Henderson's ability to get of dangerous submissions comes from his flexibility, relaxed state of mind and scrambling skills. Henderson is naturally very flexible, and the fact that he is relaxed while he fights only aids to that. He has been caught in nasty submissions by skilled fighters like Donald Cerrone and Jim Miller, but is able to stay calm and bend his way out.
Henderson is very good at causing scrambles when he is in dangerous spots. Every time Mark Bocek attempted to advance position on Henderson, "Smooth" would counter, create space and end up on top doing damage. Bocek couldn't keep up with Henderson and it cost him the fight.
While Henderson is very good at getting out of submissions, getting trapped that often is not a good thing. He is too reckless with his ground and pound, constantly leaving out his neck and limbs. If he isn't more cautious, he will eventually get caught.
Henderson is a very aggressive fighter, skilled at attacking when his opponent isn't expecting it. Many of these opportunities appear when his opponent is still transitioning from his last move. For example, Henderson will often spend time trying to trip his opponent from the clinch, only to step away and let loose a violent combination.
Henderson also capitalizes on failed submission attempts.
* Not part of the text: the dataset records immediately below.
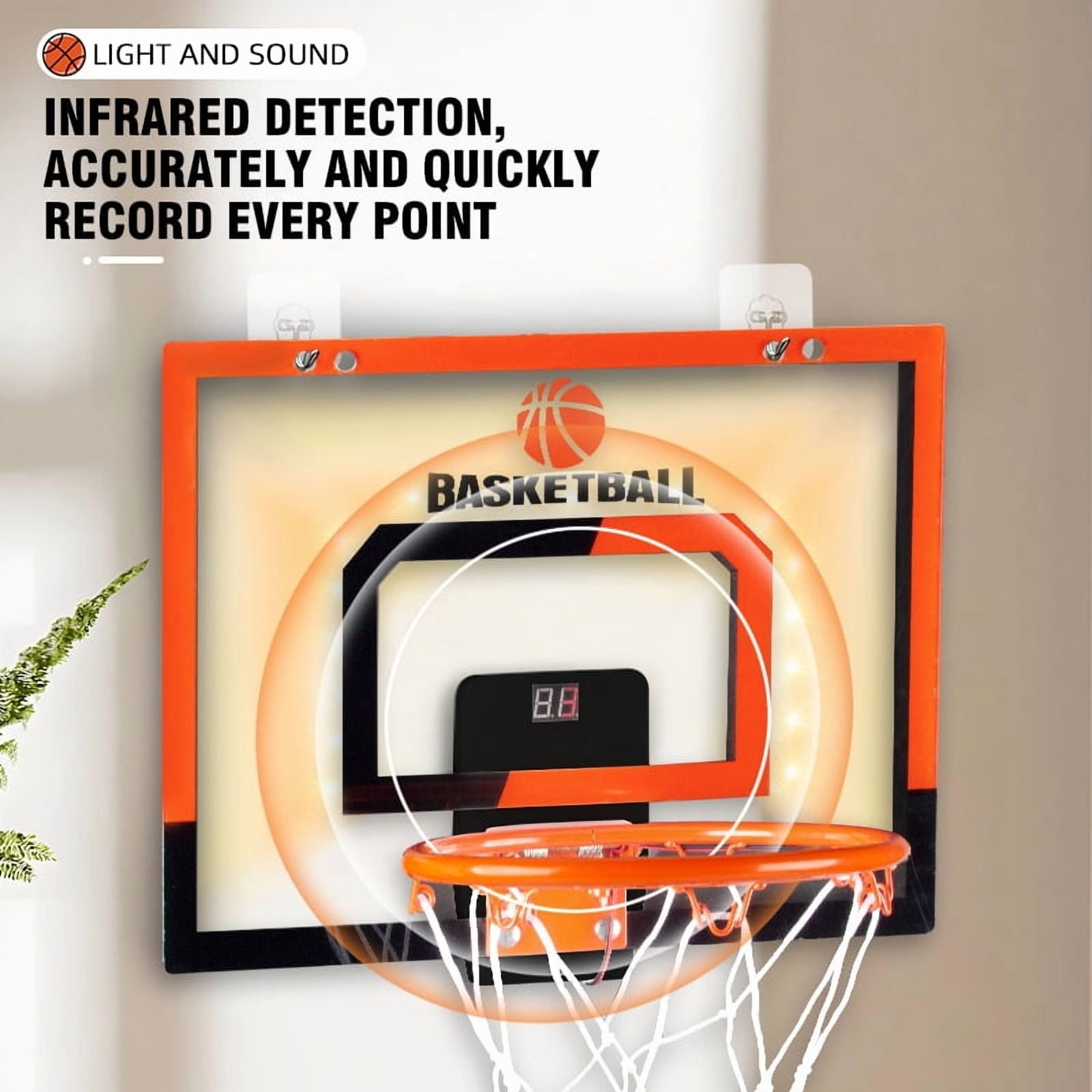 Indoor Basketball Hoop Mini Hoop with Electronic Scoreboard for Door Wall Room, Child, Black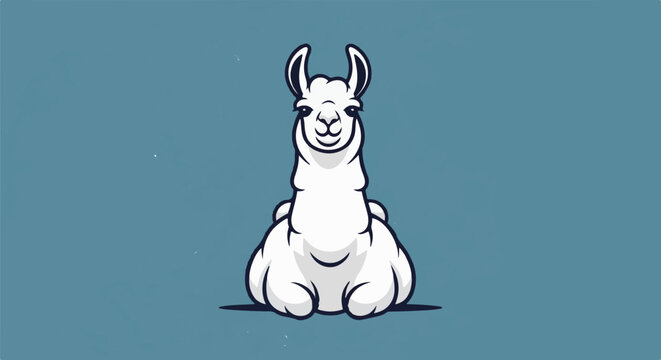 Cartoon llama with a friendly smile sits calmly against a solid blue background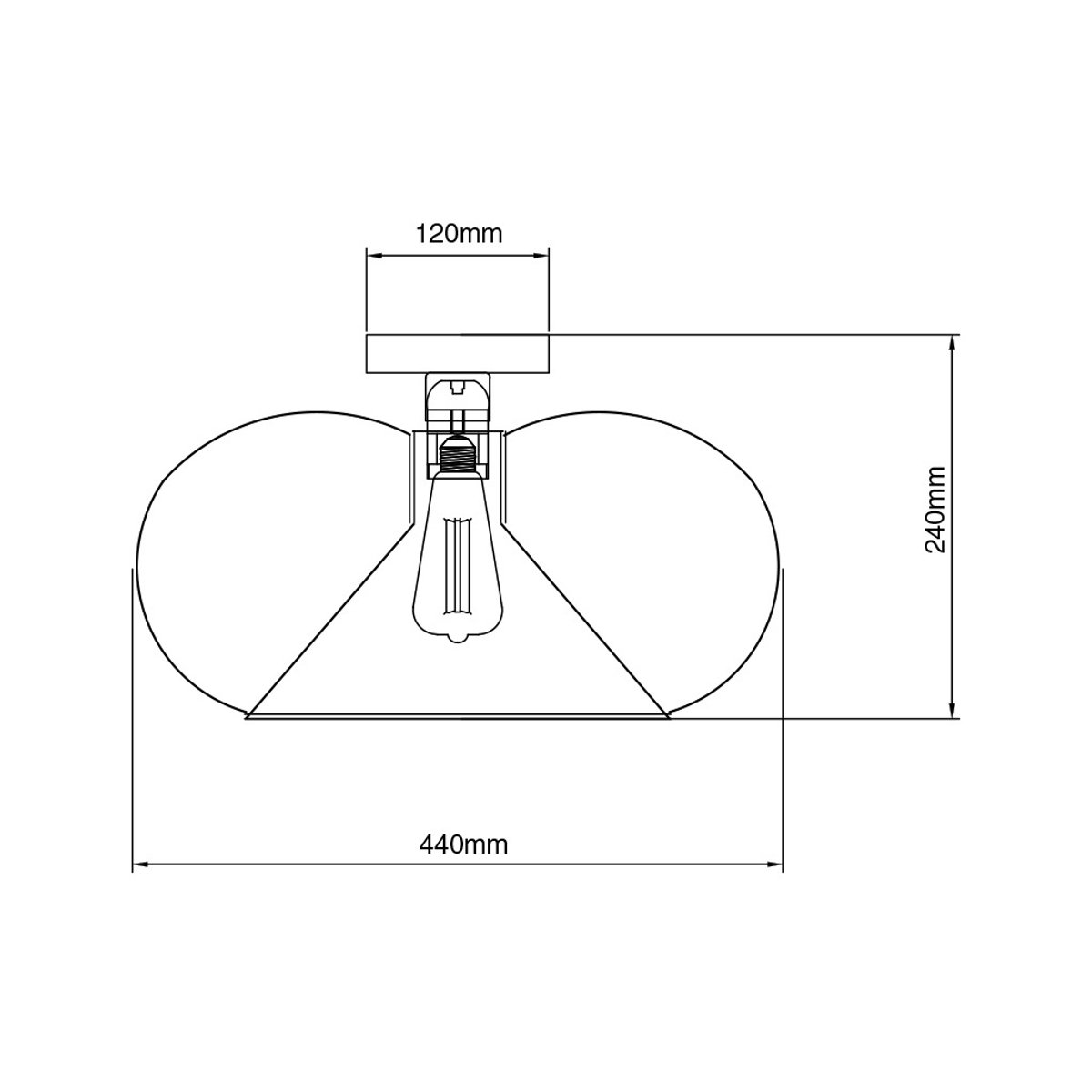 Julia plafondlamp met E27-fitting, zwarte stalen kap, Ø44 cm, hoogte 24 cm, IP20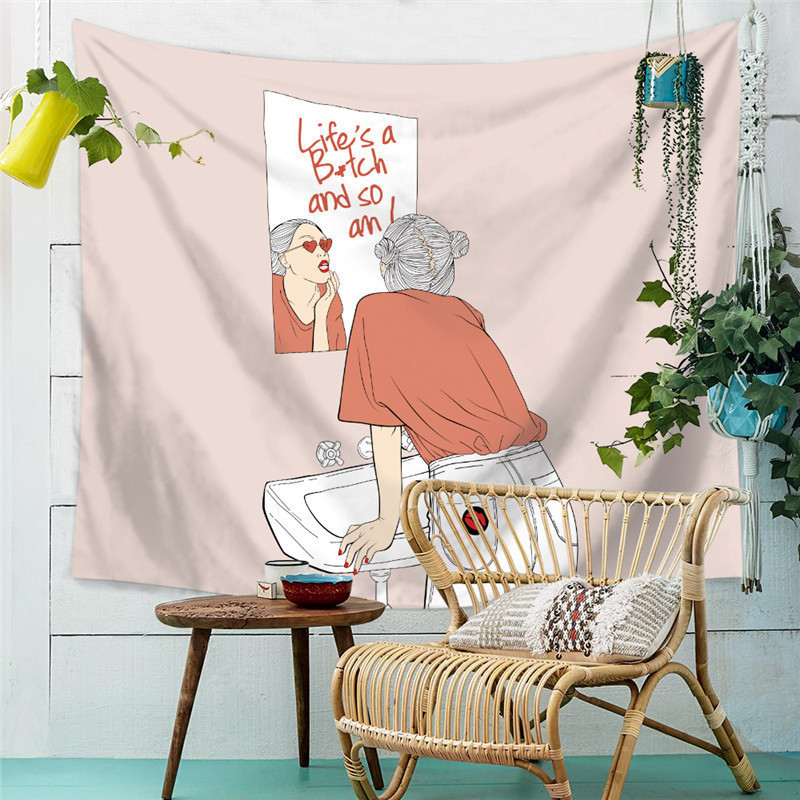 美帮汇欧美鲜花墙面装饰背景布布艺墙挂布挂毯床头卧室房屋遮挡 图六 绒布150高*200宽厘米(横款)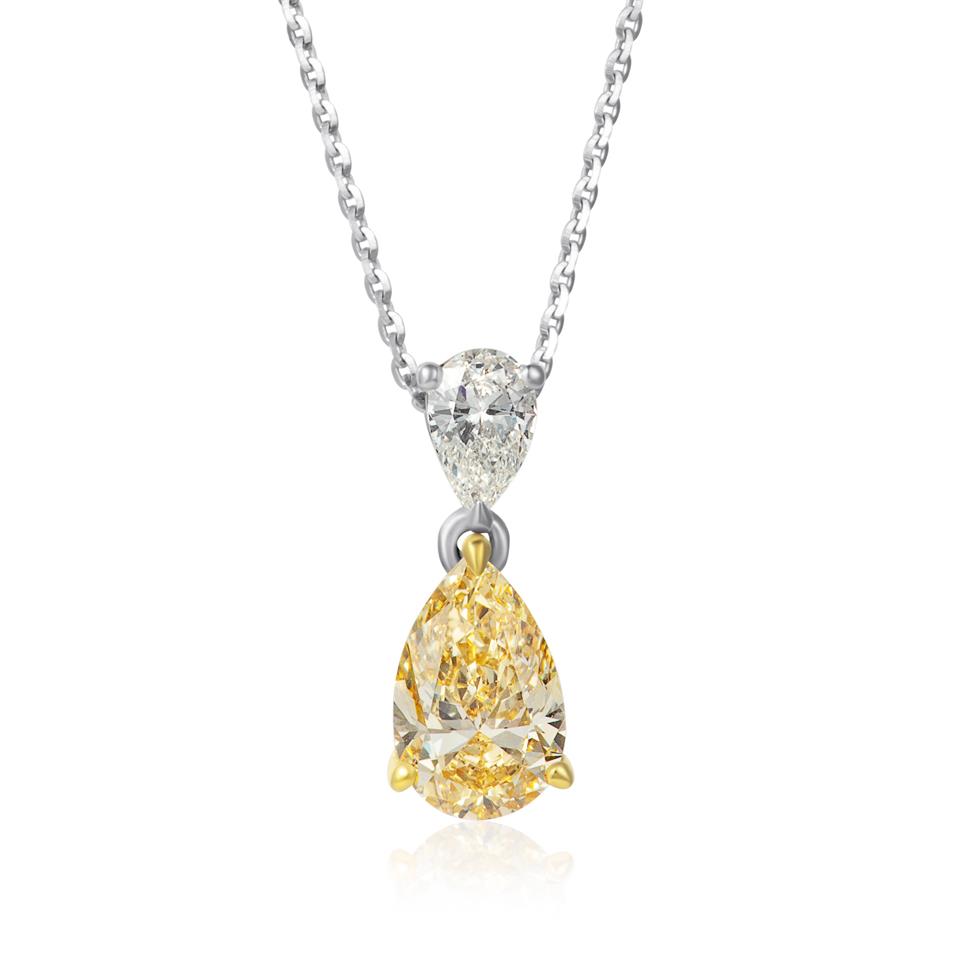 18ct White Gold Champagne Diamond Drop Necklace Thumbnail Image 0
Whenever his opponent goes for a submission, Henderson will scramble out and come up on top, then land violent punches. Should they attack his feet, Henderson will batter them, forcing a re-evaluation of their strategies.
Best chance for success
Henderson needs to strike with leg kicks early and often. Don't bother setting them up because Diaz isn't going to check them. This is a five round fight, and Henderson can lock down the late rounds if Diaz can't walk straight.
Henderson needs to avoid getting into long boxing exchanges. As a matter of fact, I'd recommend he disregard everything except his jab. If Henderson can land his jab with consistency, it will help prevent Diaz from overwhelming him with boxing and open up even more leg kicks.
If Henderson can take down Diaz, he should, but with great caution. He should stick to single-leg takedowns, and under no circumstance should he slam Diaz. After getting Diaz down, it is imperative he is less aggressive with his ground and pound. Diaz is better off of his back than any of Henderson's past opponents, and Henderson doesn't want Diaz cranking on his limbs.
Henderson should follow a constant pattern of jabs, leg kicks and takedowns. Diaz is not the opponent to try risky or fancy techniques against -- he's too dangerous. If he can do this without getting caught, he will win the decision.
Will Ben Henderson defend his title a second time, or will Nate Diaz step out of his brother's shadow and bring the title back to Stockton?